(Work to complete)
Span requested from the data below: the line with "디엠엔터테인먼트 이미지" through the line with "44計算機科學與技術.jpg", both included. Give only these lines again, exactly, and leave every picture out.

(Source material)
· · · · · · ·

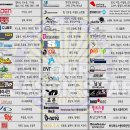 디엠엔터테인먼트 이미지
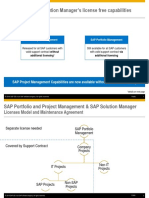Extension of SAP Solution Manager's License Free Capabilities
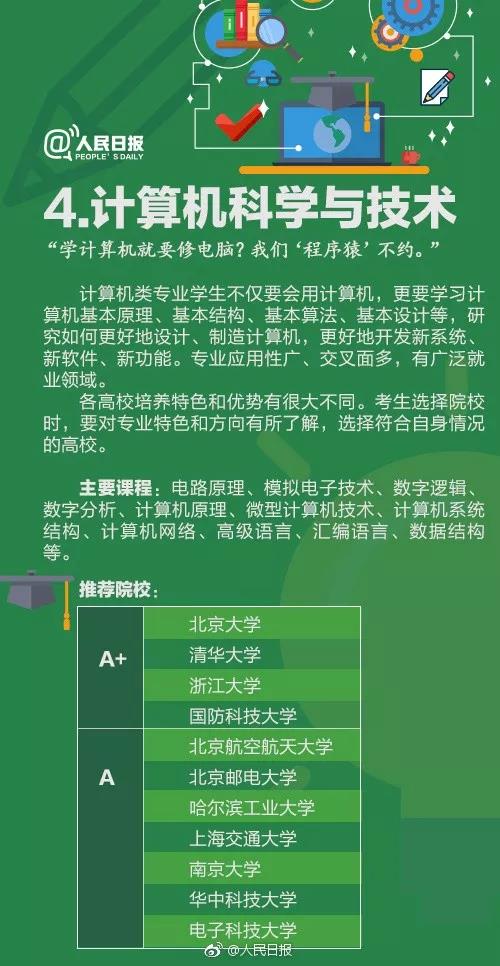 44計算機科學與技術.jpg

· · · · · · ·

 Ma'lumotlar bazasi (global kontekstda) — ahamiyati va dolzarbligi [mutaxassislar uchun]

· · · · · · ·

(Answer section)
 디엠엔터테인먼트 이미지
Extension of SAP Solution Manager's License Free Capabilities
 44計算機科學與技術.jpg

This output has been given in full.